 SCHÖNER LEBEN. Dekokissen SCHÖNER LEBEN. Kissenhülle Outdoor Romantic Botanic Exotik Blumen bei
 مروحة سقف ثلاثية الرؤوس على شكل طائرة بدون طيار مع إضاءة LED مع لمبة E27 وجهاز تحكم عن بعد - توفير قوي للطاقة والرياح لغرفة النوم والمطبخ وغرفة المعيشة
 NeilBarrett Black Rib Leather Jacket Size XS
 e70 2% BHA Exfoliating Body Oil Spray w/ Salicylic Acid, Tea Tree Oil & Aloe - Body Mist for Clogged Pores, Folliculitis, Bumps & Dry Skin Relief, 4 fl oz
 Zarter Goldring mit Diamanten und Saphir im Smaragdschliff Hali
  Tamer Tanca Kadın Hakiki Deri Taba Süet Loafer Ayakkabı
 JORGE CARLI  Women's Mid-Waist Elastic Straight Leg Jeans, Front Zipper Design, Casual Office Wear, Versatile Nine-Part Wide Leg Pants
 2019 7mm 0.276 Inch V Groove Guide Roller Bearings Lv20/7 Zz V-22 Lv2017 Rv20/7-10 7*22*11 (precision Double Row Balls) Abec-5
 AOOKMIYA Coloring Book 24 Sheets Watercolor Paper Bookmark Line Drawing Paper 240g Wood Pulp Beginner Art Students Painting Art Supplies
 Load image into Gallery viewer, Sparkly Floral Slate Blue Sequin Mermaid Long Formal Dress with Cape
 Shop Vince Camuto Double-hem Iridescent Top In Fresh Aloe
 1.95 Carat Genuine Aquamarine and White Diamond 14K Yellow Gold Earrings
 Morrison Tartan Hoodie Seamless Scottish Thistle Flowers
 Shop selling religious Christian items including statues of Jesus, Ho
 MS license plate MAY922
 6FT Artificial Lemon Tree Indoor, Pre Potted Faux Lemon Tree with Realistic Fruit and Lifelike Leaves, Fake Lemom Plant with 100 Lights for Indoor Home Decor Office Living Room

|---|

■ **WHAT YOU WILL DO**
With the records above in view, retype each one exactly.

■ **SOLVED EXERCISE**
 SCHÖNER LEBEN. Dekokissen SCHÖNER LEBEN. Kissenhülle Outdoor Romantic Botanic Exotik Blumen bei
 مروحة سقف ثلاثية الرؤوس على شكل طائرة بدون طيار مع إضاءة LED مع لمبة E27 وجهاز تحكم عن بعد - توفير قوي للطاقة والرياح لغرفة النوم والمطبخ وغرفة المعيشة
 NeilBarrett Black Rib Leather Jacket Size XS
 e70 2% BHA Exfoliating Body Oil Spray w/ Salicylic Acid, Tea Tree Oil & Aloe - Body Mist for Clogged Pores, Folliculitis, Bumps & Dry Skin Relief, 4 fl oz
 Zarter Goldring mit Diamanten und Saphir im Smaragdschliff Hali
  Tamer Tanca Kadın Hakiki Deri Taba Süet Loafer Ayakkabı
 JORGE CARLI  Women's Mid-Waist Elastic Straight Leg Jeans, Front Zipper Design, Casual Office Wear, Versatile Nine-Part Wide Leg Pants
 2019 7mm 0.276 Inch V Groove Guide Roller Bearings Lv20/7 Zz V-22 Lv2017 Rv20/7-10 7*22*11 (precision Double Row Balls) Abec-5
 AOOKMIYA Coloring Book 24 Sheets Watercolor Paper Bookmark Line Drawing Paper 240g Wood Pulp Beginner Art Students Painting Art Supplies
 Load image into Gallery viewer, Sparkly Floral Slate Blue Sequin Mermaid Long Formal Dress with Cape
 Shop Vince Camuto Double-hem Iridescent Top In Fresh Aloe
 1.95 Carat Genuine Aquamarine and White Diamond 14K Yellow Gold Earrings
 Morrison Tartan Hoodie Seamless Scottish Thistle Flowers
 Shop selling religious Christian items including statues of Jesus, Ho
 MS license plate MAY922
 6FT Artificial Lemon Tree Indoor, Pre Potted Faux Lemon Tree with Realistic Fruit and Lifelike Leaves, Fake Lemom Plant with 100 Lights for Indoor Home Decor Office Living Room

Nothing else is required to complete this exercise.